Alfreda Thorogood (born 17 August 1942) is an English retired ballet dancer and teacher. She joined the touring company of the The Royal Ballet in 1960 and danced on tour until she was promoted to a soloist in 1965, then became principal dancer in 1968 and resident dancer in 1970. Thorogood left The Royal Ballet in 1980. She taught at the Bush Davies School of Theatre Arts, was an artistic adviser to the Royal Academy of Dance, artistic director of dance at Elmhurst Ballet School and was governor of the English National Ballet School.

== Early life ==
Thorogood was born in Lambeth, London, England on 17 August 1942. She is the daughter of Alfreda and Edward Thorogood, and had a sister Pat, who was also a ballet dancer. Thorogood was educated at Lady Eden School and then at the Junior and Senior Royal Ballet School, training under Margot Fonteyn, Volkova Goncharov and Nancy Robinson. She graduated when she was 17.

== Career ==
She joined the touring company of the The Royal Ballet in 1960, and danced on tour in Swan Lake, The Sleeping Beauty, and Frederick Ashton's The Two Pigeons. Thorogood was promoted to the role of a soloist in August 1965, and was in The Rake's Progress, in Antony Tudor's Knight Errant in 1968, Geoffrey Cauley's In the Beginning in 1969, Caluey's Symphonie pastorale, Frederick Ashton's The Creatures of Promethus, Mary Vetsera and Countess Marie Larische in Kenneth MacMillan’s Mayerling, and the title role of Giselle in 1970. She became principal dancer in 1968 and was made resident dancer in 1970, performing numerous principal female roles, including Swanilda in Coppélia and Aurora, to critical acclaim.
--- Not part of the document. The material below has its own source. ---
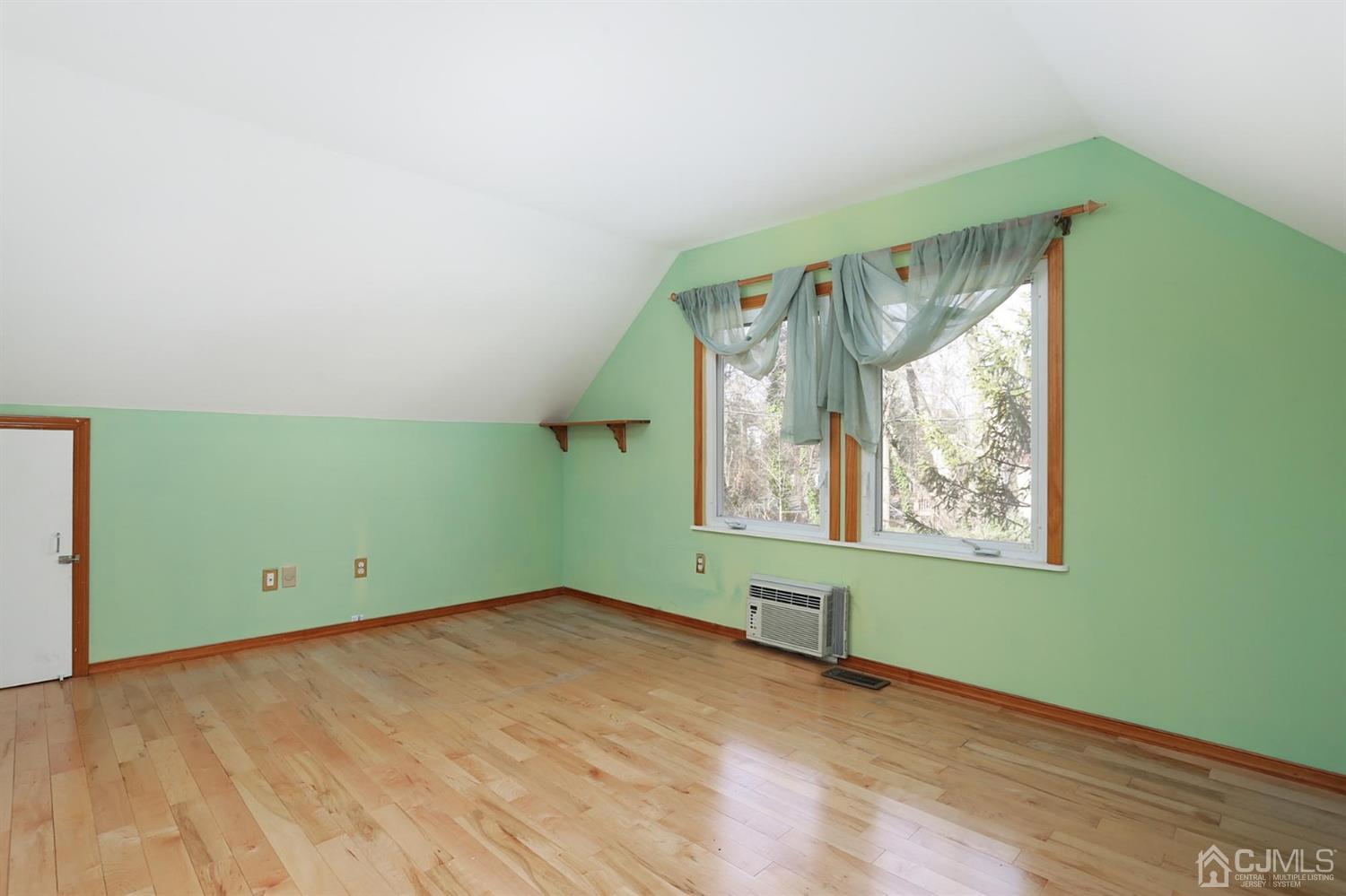 75 Lakeridge Drive Old Bridge, NJ 07747 - Photo 19 of 26 an empty room with wooden floor and a window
In 1974, Thorogood danced the role of Princess Aurora in the production of The Sleeping Beauty, and the Jerome Robbins ballet In the Night. In February 1975, she left The Royal Ballet and stopped her career in dancing to look after her family. Thorogood was a guest on Nana Mouskouri's second BBC2 show in January 1976. She returned to dance and performed as the leading female role in Glen Tetley's ballet Voluntaries in 1977. Thorogood went on to dance in the Moving Picture Mime Show in February 1978, and in Igor Stravinsky's The Firebird in 1979. She was partnered with such dancers as David Wall, Rudolf Nureyev, Anthony Dowell, Wayne Eagling and Stephen Jefferies, Donald MacLeary and Christopher Gable throughout her career, before leaving The Royal Ballet in 1980.

Thorogood worked as a teacher at the Bush Davies School of Theatre Arts from 1982 to 1984 and was deputy principal of the school's ballet department between 1985 and 1989. She was the director from 1988 to 1989. Thorogood was an artistic adviser to the Royal Academy of Dance between 1989 and 1992 and then was artistic director of dance at Elmhurst Ballet School from 1994, having been its senior ballet teacher between 1992 and 1994. She was guest repetiteur at the English National Ballet Company from 2006 to 2012 and started as governor at the English National Ballet School in 2012. Thorogood is a member of the Advisory Panel for Dance for the Arts Council and received a Fellowship from the Royal Academy of Dance in 2015.

== Personal life ==
She got engaged to the ballet dancer David Wall in October 1966, and were married at St Martin-in-the-Fields, London on 1 August 1967. There were two children of the marriage; Wall died in 2013.